Another interesting experience was the Raise 3D Pro 2 FDM style printer with a dual extruder that allows the supports to be made from HIPS material that can be dissolved in Limonene. The printing filament was ABS. This Raise 3D Pro 2 printer also printed well, but if wanted, removing the support in Limonene would take several hours, if not 24 hours. It was also fun to see an older generation industrial FDM style 3D printer Stratasys Fortus 380 mc, that today is beaten by many consumer 3D printers.
Individual assignment for this week:
- Design and 3D print an object (small, few cm3, limited by printer time) that could not be easily made subtractively
- 3D scan an object (and optionally print it)
3D printing
I didn't have anything specific in mind for 3D design, so I started watching Youtube videos and finding something new to learn about Fusion while trying to solve the task of 3D design and printing something that could not be made subtractively. I found this video and used its lessons about emboss and patterns tools to start designing something with the idea of "parts within parts". When there is a pyramid inside the cylinder and the mantle of the cylinder is decorated with triangular cuts, I don't think it would be possible to make this subtractively. Or at least it would take time to achieve the same result.
Design with Fusion 360
First in Fusion 360 I created a new body with cylinder tool. Left picture below. Second, I created a sketch for embossing. I calculated the circumference of the cylinder and designed the dimensions of the pattern as a seamless pattern according to the circumference. For this pattern I simply used the shape of a triangle (Create sketch -> Edge Polygon). The angles of an equilateral triangle are 60 degrees, so the overhang we tested in our group work still works. With the same type of printer, after 60 degrees the quality of the overhang started to decline. Right picture below.
I created center diameter circle sketch to top face of cylinder and cut out the inside of the cylinder with extrude tool. Left picture below. Next, I used the emboss tool and chose triangles as the sketch profiles and a mantle of the cylinder as the face. I chose deboss as the effect, so the triangles were cut out of the surface. Right picture below.
The seamless pattern was easy to make by applying circular and rectangular patterns to emboss. First, for circular pattern, I chose features as the object type and chose triangles as the objects. For the axis I chose the z-axis. The quantity in this pattern was 5. Second, I made rectangular pattern and chose all the triangles as objects. I calculated and tested the distance for the upper row and 13 mm from the bottom of the first row of triangles was good. Left picture below.

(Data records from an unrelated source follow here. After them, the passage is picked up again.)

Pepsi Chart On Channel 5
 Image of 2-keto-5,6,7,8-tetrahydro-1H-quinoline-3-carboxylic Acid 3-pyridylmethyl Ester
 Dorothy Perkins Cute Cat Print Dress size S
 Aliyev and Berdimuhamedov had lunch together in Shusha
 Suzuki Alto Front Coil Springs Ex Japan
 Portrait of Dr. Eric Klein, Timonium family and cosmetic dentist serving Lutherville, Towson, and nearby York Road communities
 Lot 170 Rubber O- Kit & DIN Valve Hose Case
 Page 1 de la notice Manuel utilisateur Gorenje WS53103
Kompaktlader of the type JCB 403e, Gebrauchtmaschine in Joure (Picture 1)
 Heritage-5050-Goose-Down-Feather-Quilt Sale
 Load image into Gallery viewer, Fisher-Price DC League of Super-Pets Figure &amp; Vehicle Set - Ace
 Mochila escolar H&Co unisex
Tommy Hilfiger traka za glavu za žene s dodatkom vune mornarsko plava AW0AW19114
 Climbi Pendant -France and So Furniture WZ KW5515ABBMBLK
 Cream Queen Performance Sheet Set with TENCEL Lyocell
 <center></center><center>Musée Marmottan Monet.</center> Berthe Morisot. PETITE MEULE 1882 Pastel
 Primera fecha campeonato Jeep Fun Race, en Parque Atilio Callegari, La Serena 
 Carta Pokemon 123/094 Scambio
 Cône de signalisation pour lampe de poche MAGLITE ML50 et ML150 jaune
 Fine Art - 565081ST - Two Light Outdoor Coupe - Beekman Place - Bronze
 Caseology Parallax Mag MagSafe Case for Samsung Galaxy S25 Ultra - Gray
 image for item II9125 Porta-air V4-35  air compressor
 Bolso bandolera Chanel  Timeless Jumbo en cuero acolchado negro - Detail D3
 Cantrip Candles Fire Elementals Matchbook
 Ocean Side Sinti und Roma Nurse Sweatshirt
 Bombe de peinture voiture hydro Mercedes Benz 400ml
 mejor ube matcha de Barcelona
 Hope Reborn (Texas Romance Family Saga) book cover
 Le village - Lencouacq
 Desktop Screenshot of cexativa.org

Because I used triangles for embossing, I decided to make a pyramid as an part inside the cylinder.I had not made a pyramid with Fusion before, so I looked for instructions in tutorials. I found a very easy way to create a pyramid using the sketch, construct plane and loft tools. First, I created a square sketch with 15 mm sides. Right picture below.
Next I made an offset plane 15 mm high from the squre sketch. Then I created a new sketch using the offset plane and added only a point in the middle of the square. Left picture below.
Now I had the square and the top point of the pyramid, so I used the loft tool to complete the pyramid. I simply selected the square and the point and created the pyramid. Easy! Right picture below.
As a final step in the design, I moved the pyramid inside the cylinder and placed it in a way that I could build a support material under the pyramid. I combined the cylinder and the pyramid into one component using the combine tool. Picture below left.
I saved STL file of the design in the following way: Utilities -> Make -> 3D Print.
3D printing
We have two types of FDM style 3D printers at the BusinessAsema Fab Lab. I wanted to use our Sindoh Wox dp201 printer for this print just because of its 3DWOX slicer. In my experience in 3DWOX slicer it is easier to edit the support the way I want. I only want to make the support under the pyramid, so it won't stick to the cylinder and the small support might also be easy to get out of the cylinder.
I used PLA filament for printing. The settings I set in the 3DWOX slicer:
- Layer Height 0.15 mm
- Support everywhere, infill dencity 20 %
- None Bed Adhesion
- Infill pattern automatic, infill density 20 %
All other settings were default, e.g. nozzle temperature was 200, bed temperature 60, flow 100 % and print speed 35 %.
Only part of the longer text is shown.